In 2000, the Taliban banned opium production in Afghanistan, as it became illegal to grow poppies.
Any farmer caught cultivating the cash crop would be severely punished--probably by death. By the middle of 2001, there was basically no opium produced in Afghanistan, though that nation usually led the world in production of the drug. However, since the U.S. led invasion, the poppy fields are growing again and the opium trade is flourishing as never before. Apparently, Bush’s idea of a ‘War on Terror’ is making the world safe for the narcotics trade.
The Taliban had relied on opium sales to finance their operations until July 2000. It was then that the regime’s leader Mullah Mohammed Omar issued a ban on the drug trade, because he claimed that it conflicted with Islamic law. However, it is more likely that the move was made to boost the slumping prices of opium across Europe, after Afghanistan had produced an all-time high of 4,600 tons in 1999. Less than a year later, a U.N. delegation visited the areas of the country where poppies were traditionally grown and found nothing. The head of the U.N. Drug Control Program said: “There are no poppies. It’s amazing.”
By January 2002, the U.S. military had the Taliban on the run and the poppy fields had returned in earnest. At the same time, the U.S. and NATO nations signed a worldwide ban on opium production. The U.N. released a report on the return of the Afghan opium trade which noted: “Afghanistan has been the main source of illicit opium: 70 percent of global illicit opium production in 2000 and up to 90 percent of heroin in European drug markets originated from Afghanistan.”
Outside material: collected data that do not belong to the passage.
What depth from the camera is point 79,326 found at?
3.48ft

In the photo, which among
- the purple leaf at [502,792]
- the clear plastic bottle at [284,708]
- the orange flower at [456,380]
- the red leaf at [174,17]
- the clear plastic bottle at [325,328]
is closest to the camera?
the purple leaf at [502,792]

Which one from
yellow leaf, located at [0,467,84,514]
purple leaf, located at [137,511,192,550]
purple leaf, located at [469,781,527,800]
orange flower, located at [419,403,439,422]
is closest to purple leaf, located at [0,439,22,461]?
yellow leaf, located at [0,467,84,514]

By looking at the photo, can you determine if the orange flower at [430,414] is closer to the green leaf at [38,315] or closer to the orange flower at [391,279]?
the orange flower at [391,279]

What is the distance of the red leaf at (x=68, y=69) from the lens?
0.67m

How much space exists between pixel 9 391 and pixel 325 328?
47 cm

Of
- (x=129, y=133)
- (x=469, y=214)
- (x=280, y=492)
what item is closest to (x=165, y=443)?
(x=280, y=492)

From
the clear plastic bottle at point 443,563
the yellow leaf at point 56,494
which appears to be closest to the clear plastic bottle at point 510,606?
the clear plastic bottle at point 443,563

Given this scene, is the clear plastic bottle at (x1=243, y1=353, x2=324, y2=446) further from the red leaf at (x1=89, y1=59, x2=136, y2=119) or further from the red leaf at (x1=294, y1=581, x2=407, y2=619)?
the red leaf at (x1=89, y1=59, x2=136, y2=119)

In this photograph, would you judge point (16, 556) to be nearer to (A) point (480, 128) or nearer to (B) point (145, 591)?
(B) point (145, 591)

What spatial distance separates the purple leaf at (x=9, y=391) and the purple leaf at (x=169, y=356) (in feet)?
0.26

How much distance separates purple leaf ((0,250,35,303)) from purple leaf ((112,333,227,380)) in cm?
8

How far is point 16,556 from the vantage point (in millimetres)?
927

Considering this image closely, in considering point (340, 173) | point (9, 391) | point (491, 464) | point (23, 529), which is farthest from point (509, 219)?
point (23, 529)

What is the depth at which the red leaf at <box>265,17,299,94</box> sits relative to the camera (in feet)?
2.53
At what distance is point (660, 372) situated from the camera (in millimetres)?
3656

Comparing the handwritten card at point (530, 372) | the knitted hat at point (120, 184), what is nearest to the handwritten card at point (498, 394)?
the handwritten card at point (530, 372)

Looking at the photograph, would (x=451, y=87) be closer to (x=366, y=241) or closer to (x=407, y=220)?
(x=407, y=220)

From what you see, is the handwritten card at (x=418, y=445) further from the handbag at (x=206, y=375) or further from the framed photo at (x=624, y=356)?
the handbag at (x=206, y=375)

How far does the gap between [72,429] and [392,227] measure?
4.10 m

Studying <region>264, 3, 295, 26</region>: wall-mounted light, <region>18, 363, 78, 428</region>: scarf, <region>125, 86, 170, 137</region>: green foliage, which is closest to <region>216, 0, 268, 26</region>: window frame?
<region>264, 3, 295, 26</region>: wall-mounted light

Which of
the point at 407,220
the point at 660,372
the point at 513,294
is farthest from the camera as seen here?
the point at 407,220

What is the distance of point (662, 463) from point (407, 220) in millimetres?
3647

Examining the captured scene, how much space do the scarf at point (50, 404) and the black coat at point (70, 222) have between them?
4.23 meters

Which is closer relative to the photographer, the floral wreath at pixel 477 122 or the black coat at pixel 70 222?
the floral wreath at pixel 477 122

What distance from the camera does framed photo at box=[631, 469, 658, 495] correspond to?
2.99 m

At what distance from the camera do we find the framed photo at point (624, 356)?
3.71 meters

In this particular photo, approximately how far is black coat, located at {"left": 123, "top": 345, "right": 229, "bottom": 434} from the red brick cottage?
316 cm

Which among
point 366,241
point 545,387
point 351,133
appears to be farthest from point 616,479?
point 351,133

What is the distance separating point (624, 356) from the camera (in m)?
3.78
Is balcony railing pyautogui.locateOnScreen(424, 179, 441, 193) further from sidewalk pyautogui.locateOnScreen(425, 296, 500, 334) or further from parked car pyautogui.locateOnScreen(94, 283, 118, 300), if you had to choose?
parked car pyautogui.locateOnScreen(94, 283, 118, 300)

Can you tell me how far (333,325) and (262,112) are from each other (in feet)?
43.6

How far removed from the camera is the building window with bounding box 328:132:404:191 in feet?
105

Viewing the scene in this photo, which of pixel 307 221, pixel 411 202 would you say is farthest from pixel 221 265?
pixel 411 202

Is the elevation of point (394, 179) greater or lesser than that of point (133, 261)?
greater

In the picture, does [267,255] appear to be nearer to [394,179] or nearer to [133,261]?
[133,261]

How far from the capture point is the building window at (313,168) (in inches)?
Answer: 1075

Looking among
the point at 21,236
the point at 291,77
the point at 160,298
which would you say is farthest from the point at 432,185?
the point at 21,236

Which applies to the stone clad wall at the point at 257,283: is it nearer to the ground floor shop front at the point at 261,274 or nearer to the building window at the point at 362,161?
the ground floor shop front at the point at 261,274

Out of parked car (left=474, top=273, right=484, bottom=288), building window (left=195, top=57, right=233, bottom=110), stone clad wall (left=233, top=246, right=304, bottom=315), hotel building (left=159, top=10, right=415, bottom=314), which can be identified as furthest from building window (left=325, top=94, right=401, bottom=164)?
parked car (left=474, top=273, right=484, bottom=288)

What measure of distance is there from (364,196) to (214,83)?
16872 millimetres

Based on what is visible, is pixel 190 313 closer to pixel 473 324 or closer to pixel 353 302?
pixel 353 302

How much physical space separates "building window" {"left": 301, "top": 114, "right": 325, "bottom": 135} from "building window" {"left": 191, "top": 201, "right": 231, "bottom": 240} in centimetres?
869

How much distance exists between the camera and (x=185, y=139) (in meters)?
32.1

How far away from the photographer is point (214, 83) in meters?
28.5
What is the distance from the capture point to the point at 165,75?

The report went on to say: “There are reliable indications that opium cultivation has resumed since October 2001 in some areas (such as the southern provinces Uruzgan, Helmand, Nangarhar, and Kandahar), following the effective implementation of the Taliban ban on cultivation in 2001, not only because of the breakdown in law and order, but also because the farmers are desperate to find a means of survival following the prolonged drought.”
Despite the Bush administration claims at the time that the international drug trade helped finance terrorism, a blind-eye was turned to the activities of the Afghan warlords and the Pashtun mafia. The U.S. and our NATO partners ignored the re-introduction of the poppy crops and allowed opium production to flourish.
The U.N. Office on Drugs and Crime released a report this week which found that during 2006, opium production increased by 50 percent from the previous year. Afghanistan produced a record of 6,700 tons last year and was responsible for 92 percent of the world’s opium production. This rise corresponds with the dramatic fall of Southeast Asia’s opium production, in contrast that region only produced 370 tons last year.
It has been reported that the CIA is involved in Afghanistan’s opium production, or at least protecting it. It is widely known that the Pakistani Intelligence Service is terribly corrupt and profits directly from the sale of opium. For whatever it’s worth, the CIA relies on the Pakistanis for intelligence regarding the insurgent Taliban as well as al Qaeda. Given the history and immorality of the CIA, it is certainly no stretch to believe that the agency is complicit.
In March 2002, a U.S. foreign intelligence official speaking on the condition of anonymity, reminded a reporter with NewsMax.com of the CIA’s record of involvement with the international drug trade. The official said: “The CIA did almost the identical thing during the Vietnam War, which had catastrophic consequences--the increase in the heroin trade in the USA beginning in the 1970’s is directly attributable to the CIA. The CIA has been complicit in the global drug trade for years, so I guess they just want to carry on their favorite business.”
He went on to say: “The sole reason why organized crime groups and terrorists have the power that they do is all because of drug trafficking. Like the old saying, ‘those who don’t know history are doomed to repeat it.’”
Osama bin Laden got away and President Bush does not even mention his name anymore. The Taliban has become stronger once again in Afghanistan. Terrorists, mafia, and warlords are profiting from bumper opium crops.To date, 407 American young men have lost their lives in Afghanistan...So what was the point?
Afghanistan could now fairly be described as a ‘narco-state’ and the U.S. military has played a large role in that nation’s illicit evolution. Have we sent our young men to die in Afghanistan to protect or possibly monopolize the opium trade?
I find it curious that Bush sends Border Patrol agents to prison for pursuing Mexican drug smugglers, while also effectively using our military to protect opium production in Afghanistan...Notice a pattern?